Sexual biology is the study of how our mental and physical environment impacts our sexual experiences within the human body, with emphasis on the heart, mind, brain genitalia and DNA coding. And how love may further affect the body. An example of our “physical environment” is our diet, and our “mental environment” is our individual belief systems, some of which are based on disinformation. “Disinformation” is information that has a little truth to cover the big lie they want you to believe.

This book is a definitive work in sexual biology. I can say this because to my knowledge, no one else has considered the wide variety of general aspects that affect us sexually. Today, there is a general impression, overt or covert, that men are penises with wallets attached, and women are dressed up, blow up dolls? I suggest these perceptions are damaging. We are each unique creatures, most with unmet potentials. In Chapter 12, I note we are all “mutants” or “micro mutants” in that none are genetic duplicates of our parents’ contribution to our DNA.

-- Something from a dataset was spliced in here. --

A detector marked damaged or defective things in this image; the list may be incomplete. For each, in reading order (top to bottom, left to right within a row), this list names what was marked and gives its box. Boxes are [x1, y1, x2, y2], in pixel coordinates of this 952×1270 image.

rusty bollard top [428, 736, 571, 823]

Most of us have our own unique views on sex, generally falling into the categories of pleasure and/or procreation. This is discussed in Chapter 1. We also have our own views on love ranging from “love is a phallacy,” to “love is everything.” Although I find myself leaning toward the latter camp, I don’t expect anyone to join me there, and it is not necessary for the purposes of this book. My purpose is simply to offer a different perspective (scissor jack) giving you a clearer look at the road ahead.

This book gives you information, mostly science, and speculation on what science doesn’t know and why. You can believe most of the science in this book. Just like every other author, I include science when it agrees with my experience and opinions from that experience. My experience goes beyond where science is, so I had to speculate, or intuit, on known science. If you are not interested in becoming gold through some woo-woo transformation, the material in here, hopefully, will at least enhance your sexual pleasure.

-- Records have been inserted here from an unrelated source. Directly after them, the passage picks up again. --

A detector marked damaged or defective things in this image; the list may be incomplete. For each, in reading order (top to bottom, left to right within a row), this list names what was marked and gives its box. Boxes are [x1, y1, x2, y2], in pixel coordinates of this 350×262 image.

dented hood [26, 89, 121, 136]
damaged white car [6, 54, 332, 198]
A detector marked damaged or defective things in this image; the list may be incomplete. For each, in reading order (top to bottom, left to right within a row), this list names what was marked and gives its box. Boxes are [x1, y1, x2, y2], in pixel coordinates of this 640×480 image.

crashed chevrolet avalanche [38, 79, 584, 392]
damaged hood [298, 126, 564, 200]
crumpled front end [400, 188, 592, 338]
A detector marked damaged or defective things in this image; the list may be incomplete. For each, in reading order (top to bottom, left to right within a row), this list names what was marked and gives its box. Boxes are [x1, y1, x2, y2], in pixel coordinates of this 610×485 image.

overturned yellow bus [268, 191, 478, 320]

I ask you, the reader, simply to consider my speculation as a possible answer, but don’t believe it as hard and fast “truth.” I might be wrong in my speculation as to the mechanism of how we are transformed into “gold.” I don’t really care if I am right or wrong. These explanations make sense to me and they may to you as well. Further, it doesn’t make any difference. They are only possibilities. What I know is something wondrous does happen. So, don’t believe me. Try it for yourself and see.

One last thing: in studying sexual biology, I found a lot of girly woo-speak. Using this new perspective, there is a hardcore, science/engineering translation for woo-speak. The girls are right. They just don’t speak our language. Quite a few women speak out of their right-brain and we listen with our left-brain. And you wonder why we can’t communicate? Also, after a while, science can get boring too. I’ve translated both woo and science-speak into English where I can. The bottom line is we can study and argue about sex and love for the next 1000 years and there will always be a mystery.